A different kind of watchdog

By Peter Huoppi

Publication: TheDay.com

Published 08/10/2010 12:00 AM
Updated 08/10/2010 11:18 PM

I was enjoying a peaceful weekend afternoon at my grandparents' summer house when the clatter of claws on the wood floor awakened me from my reverie. I looked up to see Barrett standing in the doorway to the living room in full alert mode. With her ears perked up, she stared at me, backing up a few steps and making an anxious noise that was somewhere between a whine and a grunt.

"What's wrong Lassie," I almost responded, "is Timmy stuck in the well?" (I should note here that Timmy never actually fell down a fell. I have no idea why so many people think he did.) While I may have been tempted to ignore her, this behavior was altogether different from Barrett's normal anxiety about not being fed or walked soon enough. She was acting more like she did the first few times she heard our baby son crying in his crib.

Getting up to follow her, I tried to imagine what could be wrong. It certainly wasn't an intruder, because no one was barking. Was Remy sick? Was the house on fire? The dogs and I were the only ones home, so as I followed Barrett through the kitchen, I started to get a little more worried.
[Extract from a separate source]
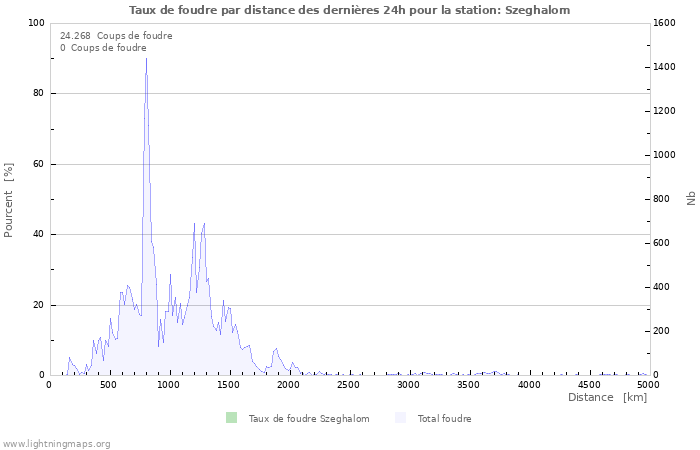 Graphes: Taux de foudre par distance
When I rounded the corner into the back room, the source of her angst was immediately apparent in the kibble strewn across the floor. Someone's nose had gotten the better of her and tipped over the container holding my grandparents' dog food. The plastic bin was now resting on its side on the shelf with a small hill of kibble slanting from the near edge to the back upper corner. How the food left in the container managed to defy gravity and momentum remains a mystery to me.

Thinking back, I remembered hearing some sort of knock from the other side of the house a few minutes earlier, but I dismissed it as a door blowing in the wind, or a dog dropping a toy. So the series of events goes something like this: someone knocks over dog food…several minutes pass…Barrett comes to get me. How long did she stay there grazing on the food before her conscience got the better of her?

Maybe she'd like me to believe that she was innocent in all of this, and that her coming to get me was an act of tattling rather than of apology. If the dog that will eat anything, including old discarded coffee grounds, thinks her cute, dopey smile can convince me that she abstained from the surprise afternoon buffet, then her brain is even smaller than I had thought.